Sciences politiques

Plaidoyer auprès du Président de la République pour la création d’une collectivité territoriale unique et efficiente à La Réunion

Libre opinion d’André Oraison -2-

André Oraison / 31 juillet 2014

JPEG - 47.5 ko
Le Professeur André Oraison.

« Seule une collectivité unique à La Réunion et exerçant les compétences attribuées à une région et à un département permettrait d’éviter un double emploi des fonds publics qui est inadmissible à un moment où l’on constate une crise aiguë des finances publiques au niveau national comme au plan local. Dans la mesure où il est appelé à perdurer, le contexte présent exige une rigueur implacable dans la gestion des deniers publics. Notre religion est désormais bien établie : la coexistence de deux entités publiques sur le même territoire et visant la même population est inutile et coûteuse. La réforme préconisée aurait ainsi le mérite de réaliser des économies substantielles sur les dépenses publiques locales qui sont toujours - faut-il le rappeler ? - à la seule charge des contribuables réunionnais. Ces dépenses concernent le paiement du traitement indexé des fonctionnaires titulaires et le salaire d’un personnel contractuel souvent pléthorique, pour des raisons électoralistes. Elles concernent aussi l’achat et l’entretien dispendieux de biens mobiliers et immobiliers, les attractives indemnités de présence versées aux élus ainsi que les subventions souvent très importantes accordées plus ou moins arbitrairement à des associations parfois fantomatiques ou malveillantes. Chiffrables en dizaines de millions d’euros, les économies dégagées par la réforme pourraient alors être utilisées par les responsables de la collectivité territoriale unique pour favoriser notamment en priorité une politique de l’emploi des jeunes à La Réunion. C’est une réalité tout à fait incontournable : la situation explosive qui prévaut à La Réunion impose désormais une solidarité toujours plus grande entre les Réunionnais.

Le remplacement de la région et du département par une collectivité unique aurait également pour but de renforcer l’influence politique de La Réunion auprès des diverses instances nationales. L’existence d’une région monodépartementale administrée à La Réunion par un seul organe exécutif et une seule assemblée délibérante pourrait en effet faire entendre sa voix beaucoup plus clairement et plus rapidement auprès du Gouvernement de Paris et de l’administration centrale, en cas de nécessité comme cela aurait dû être le cas - mais ne le fut pas - lors des émeutes qui ont secoué La Réunion, en 2012 et en 2013. Seule une collectivité territoriale unique aurait pour résultat de rendre plus audibles et crédibles les légitimes aspirations de la population réunionnaise auprès des instances nationales. »

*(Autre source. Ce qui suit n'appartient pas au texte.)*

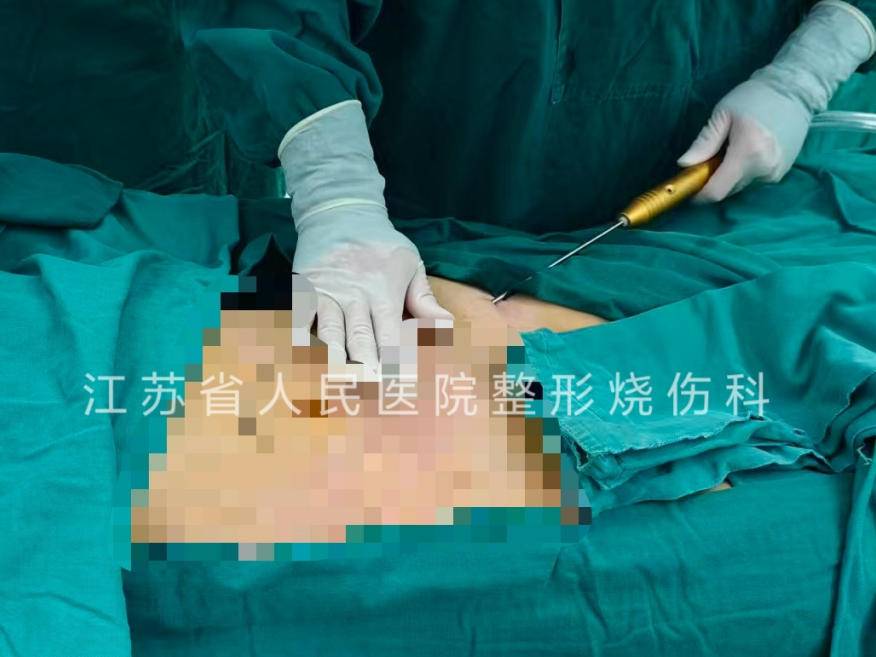 
                        4:3图片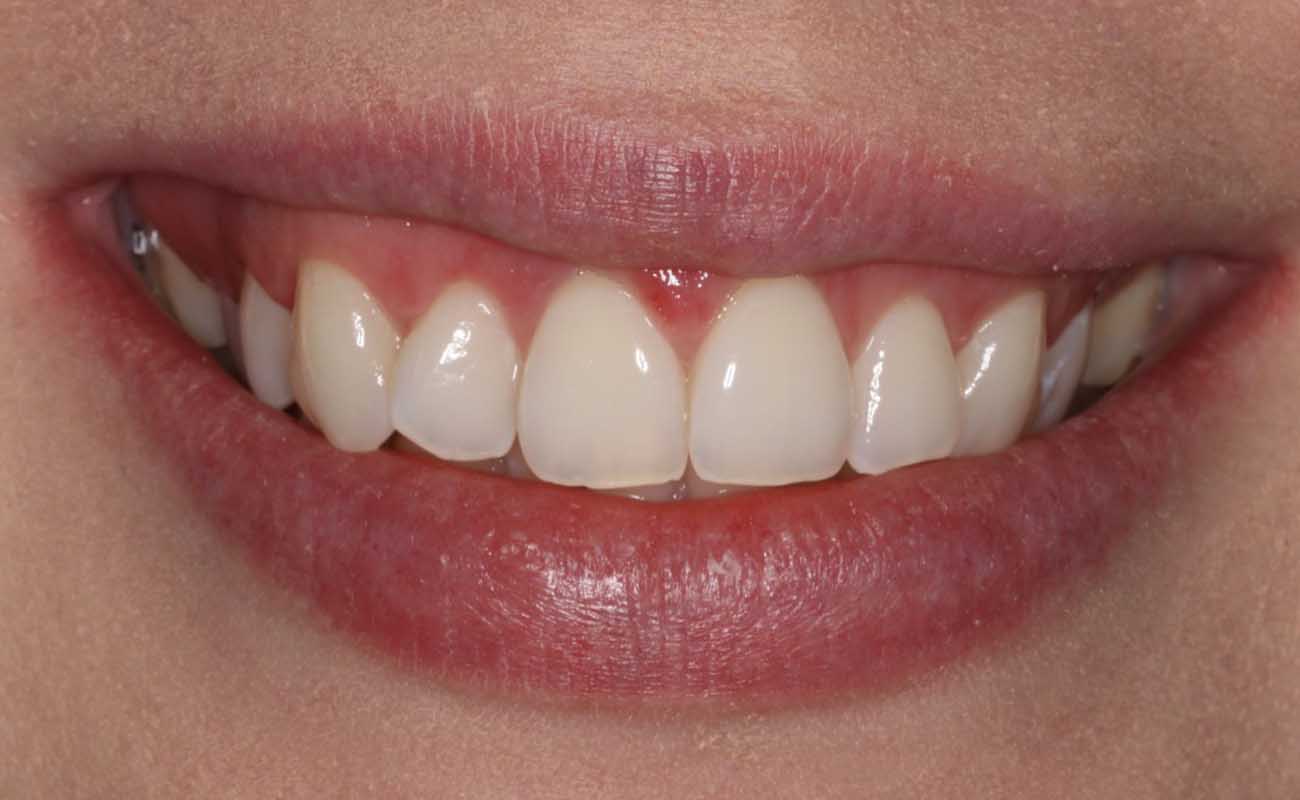 Treatment Before Image Reading | Aspire Clinic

Mais La Réunion n’est pas seulement une région ultramarine qui doit maintenir des liens étroits avec Paris. C’est aussi une région ultrapériphérique européenne située loin de Bruxelles. C’est dire qu’il faut aussi tenir compte de sa localisation géographique. La création d’une collectivité territoriale unique se substituant à la région et au département serait de nature à faciliter l’intégration de La Réunion dans son environnement immédiat. Dans le cadre d’une coopération régionale solidaire, la réforme devrait ainsi permettre à la nouvelle entité unique d’agir avec plus de crédibilité avec les États de la Commission de l’Océan Indien dont sont déjà membres - outre la France qui y représente les intérêts du département et de la région de La Réunion - les Comores, Madagascar, Maurice et les Seychelles. Cet avantage a bien été perçu par la Guyane et la Martinique. Mais les collectivités métropolitaines frontalières y sont également sensibles. À cet égard, le cas de l’Alsace est intéressant même s’il a finalement échoué : la « Collectivité territoriale d’Alsace » devait en effet se substituer à la région et aux deux départements alsaciens avec un triple objectif : simplifier le « millefeuille administratif » afin de réaliser des économies substantielles dans la gestion des services publics alsaciens, rationaliser les prises de décision dans tous les domaines et renforcer enfin le poids économique de l’Alsace auprès des régions étrangères du bassin rhénan, notamment d’Allemagne et de Suisse. Les électeurs du Haut-Rhin se sont toutefois prononcés contre la réforme le 7 avril 2013.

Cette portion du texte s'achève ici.